What's your wishlist for an ideal backtesting program?

Hi!
What, if any, critical factors are NOT included in any of today's backtesting programs. For example: slippage. If you could talk to programmers and present a wishlist for the ideal backtesting program, what would you ask for that you're not getting now?
 
More sophisticted tests of statistical significance than Z-score. (My apologies to ET for playing straight man to this spammer, but those are good questions. I doubt that his tout (haha!) has what I asked for.)

Carry on, good spammer!
 
I'd like to see a program so smart it can do three things:

Say "Already tried that, don't work, don't waste your time."

and "That's the stupidest fucking trading idea I have ever seen!"

and "You're overoptimizing, dummy!"
 
My wishlist pertains to the ideal programmer, not the actual testing itself.

I'd love to meet a programmer who isn't a failed trader and who understands that I don't CARE about his creativity with regard to the market - who just does what I want done and keeps his mouth shut and ridiculous ideas to himself.

Oh, and who doesn't try to basket test everything - I don't expect/want my strategy to work for the entire Russell 2000. I wish these guys would realize how really trite they are.

Sorry for the rant :)
 
1. Make it as easy to modify the composition of a portfolio, as it is to modify the value of a parameter. Treat the portfolio composition as an optimizable variable.

2. Make it easy to systematically withdraw cash from the account using some user-specified algorithm. Handle the common situations of income taxes, management fees, and profit incentive fees.

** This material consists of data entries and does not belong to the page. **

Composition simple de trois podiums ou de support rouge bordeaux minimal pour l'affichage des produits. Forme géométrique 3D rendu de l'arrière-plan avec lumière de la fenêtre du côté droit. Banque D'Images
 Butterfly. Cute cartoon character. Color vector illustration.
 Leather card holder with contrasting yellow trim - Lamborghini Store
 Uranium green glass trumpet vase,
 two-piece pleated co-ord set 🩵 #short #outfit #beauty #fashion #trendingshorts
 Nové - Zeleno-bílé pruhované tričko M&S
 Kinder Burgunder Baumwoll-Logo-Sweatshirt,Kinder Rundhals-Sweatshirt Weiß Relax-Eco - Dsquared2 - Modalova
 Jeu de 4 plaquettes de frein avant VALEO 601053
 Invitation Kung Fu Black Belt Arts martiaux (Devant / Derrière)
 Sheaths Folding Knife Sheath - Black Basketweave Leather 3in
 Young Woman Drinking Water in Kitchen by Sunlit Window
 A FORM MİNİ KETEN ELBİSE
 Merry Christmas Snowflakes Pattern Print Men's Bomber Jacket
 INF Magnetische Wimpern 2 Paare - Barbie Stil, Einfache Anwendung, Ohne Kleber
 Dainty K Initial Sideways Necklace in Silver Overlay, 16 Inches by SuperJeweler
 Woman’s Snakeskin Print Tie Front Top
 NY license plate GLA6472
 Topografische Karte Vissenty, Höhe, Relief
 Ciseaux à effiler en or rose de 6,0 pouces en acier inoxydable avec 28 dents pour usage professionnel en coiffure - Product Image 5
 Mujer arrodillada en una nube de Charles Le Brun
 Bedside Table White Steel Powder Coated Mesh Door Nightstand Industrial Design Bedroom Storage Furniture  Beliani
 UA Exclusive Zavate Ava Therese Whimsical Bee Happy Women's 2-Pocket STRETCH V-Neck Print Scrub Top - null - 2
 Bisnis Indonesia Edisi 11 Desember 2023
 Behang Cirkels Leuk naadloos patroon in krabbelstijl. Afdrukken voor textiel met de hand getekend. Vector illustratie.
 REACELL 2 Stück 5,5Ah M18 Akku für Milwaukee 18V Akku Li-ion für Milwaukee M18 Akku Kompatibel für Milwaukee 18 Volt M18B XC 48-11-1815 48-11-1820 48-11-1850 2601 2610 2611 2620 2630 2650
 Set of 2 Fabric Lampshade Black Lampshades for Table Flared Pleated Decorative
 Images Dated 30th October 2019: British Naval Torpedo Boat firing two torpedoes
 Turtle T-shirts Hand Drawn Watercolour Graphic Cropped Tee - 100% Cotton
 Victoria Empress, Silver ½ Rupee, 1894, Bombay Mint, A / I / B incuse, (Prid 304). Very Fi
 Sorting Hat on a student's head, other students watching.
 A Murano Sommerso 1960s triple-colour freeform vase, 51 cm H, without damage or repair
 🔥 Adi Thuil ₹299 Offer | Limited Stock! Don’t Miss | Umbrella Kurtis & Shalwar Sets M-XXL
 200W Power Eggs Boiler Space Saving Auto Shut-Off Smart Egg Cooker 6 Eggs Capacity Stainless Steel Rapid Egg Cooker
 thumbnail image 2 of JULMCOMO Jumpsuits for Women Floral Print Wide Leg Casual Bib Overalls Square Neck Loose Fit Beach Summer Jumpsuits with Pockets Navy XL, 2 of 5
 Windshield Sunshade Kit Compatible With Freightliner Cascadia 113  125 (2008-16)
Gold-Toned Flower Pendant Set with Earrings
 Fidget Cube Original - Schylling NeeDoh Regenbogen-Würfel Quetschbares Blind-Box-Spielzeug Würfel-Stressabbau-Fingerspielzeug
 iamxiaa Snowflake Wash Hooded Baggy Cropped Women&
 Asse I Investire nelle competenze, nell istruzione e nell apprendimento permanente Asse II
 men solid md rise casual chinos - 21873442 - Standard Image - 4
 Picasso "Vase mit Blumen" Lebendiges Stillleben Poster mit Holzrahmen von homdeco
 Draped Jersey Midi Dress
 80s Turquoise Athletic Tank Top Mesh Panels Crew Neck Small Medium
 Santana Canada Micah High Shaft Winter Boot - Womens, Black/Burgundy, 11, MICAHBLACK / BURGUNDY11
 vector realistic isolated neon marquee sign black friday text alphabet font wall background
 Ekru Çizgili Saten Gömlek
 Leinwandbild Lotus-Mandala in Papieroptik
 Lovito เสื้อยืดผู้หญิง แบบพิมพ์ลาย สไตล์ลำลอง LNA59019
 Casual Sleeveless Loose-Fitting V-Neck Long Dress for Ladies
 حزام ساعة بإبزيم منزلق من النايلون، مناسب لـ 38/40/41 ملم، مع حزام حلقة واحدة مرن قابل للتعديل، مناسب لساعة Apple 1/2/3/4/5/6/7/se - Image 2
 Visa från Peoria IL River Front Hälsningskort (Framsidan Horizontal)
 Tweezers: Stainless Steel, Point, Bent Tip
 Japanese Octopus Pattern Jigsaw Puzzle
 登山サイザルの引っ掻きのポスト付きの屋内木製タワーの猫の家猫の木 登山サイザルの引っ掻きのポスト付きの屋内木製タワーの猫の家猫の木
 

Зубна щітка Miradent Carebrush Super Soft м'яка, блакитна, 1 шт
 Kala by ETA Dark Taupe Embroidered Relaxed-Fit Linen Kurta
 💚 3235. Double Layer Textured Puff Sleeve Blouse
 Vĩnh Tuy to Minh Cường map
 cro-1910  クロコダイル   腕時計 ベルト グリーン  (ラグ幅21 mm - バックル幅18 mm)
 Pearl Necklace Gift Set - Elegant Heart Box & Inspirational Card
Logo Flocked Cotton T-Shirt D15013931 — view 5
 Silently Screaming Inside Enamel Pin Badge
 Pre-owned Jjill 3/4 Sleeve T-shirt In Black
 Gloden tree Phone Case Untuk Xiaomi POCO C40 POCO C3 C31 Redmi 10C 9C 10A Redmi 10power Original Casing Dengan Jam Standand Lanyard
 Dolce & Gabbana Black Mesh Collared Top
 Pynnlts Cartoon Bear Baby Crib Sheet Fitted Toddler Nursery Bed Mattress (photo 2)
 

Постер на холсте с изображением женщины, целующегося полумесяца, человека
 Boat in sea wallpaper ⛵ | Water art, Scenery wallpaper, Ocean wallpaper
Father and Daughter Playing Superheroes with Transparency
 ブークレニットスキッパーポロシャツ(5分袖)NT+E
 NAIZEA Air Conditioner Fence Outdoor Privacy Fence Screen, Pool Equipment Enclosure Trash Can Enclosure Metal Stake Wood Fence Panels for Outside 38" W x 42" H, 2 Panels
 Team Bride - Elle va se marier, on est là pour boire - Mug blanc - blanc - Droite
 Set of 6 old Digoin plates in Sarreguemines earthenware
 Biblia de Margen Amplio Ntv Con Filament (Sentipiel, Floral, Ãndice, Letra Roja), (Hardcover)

3. Provide primitive builtins which return (A) # of trading days till end of this calendar month; (B) # of trading days till First Notice Day; (C) # of trading days till Contract Expiration.
 
1. The ability to apply position sizing based on a partial-Kelly criteria with the parameters (%wins and W/L ratio) calculated off of the last N trades.

2. Integrated Monte Carlo simulator.

3. Apply indicators to one equity curve (already mentioned by another poster), and use the output to filter or size trades to generate a second equity curve.
 
A program turning your screen to red if it's bad;
turning your screen to green when it's good;
turning you screen to flashing yellow if it's up till now never test Jack stuff.
 
Quote from FaderTraderr:

My wishlist pertains to the ideal programmer, not the actual testing itself.

I'd love to meet a programmer who isn't a failed trader and who understands that I don't CARE about his creativity with regard to the market - who just does what I want done and keeps his mouth shut and ridiculous ideas to himself.

Oh, and who doesn't try to basket test everything - I don't expect/want my strategy to work for the entire Russell 2000. I wish these guys would realize how really trite they are.

Sorry for the rant :)

The only way I found to solve that problem is to become a programmer yourself!!! It takes a lot of time, but it has worked wonders for me and my trading.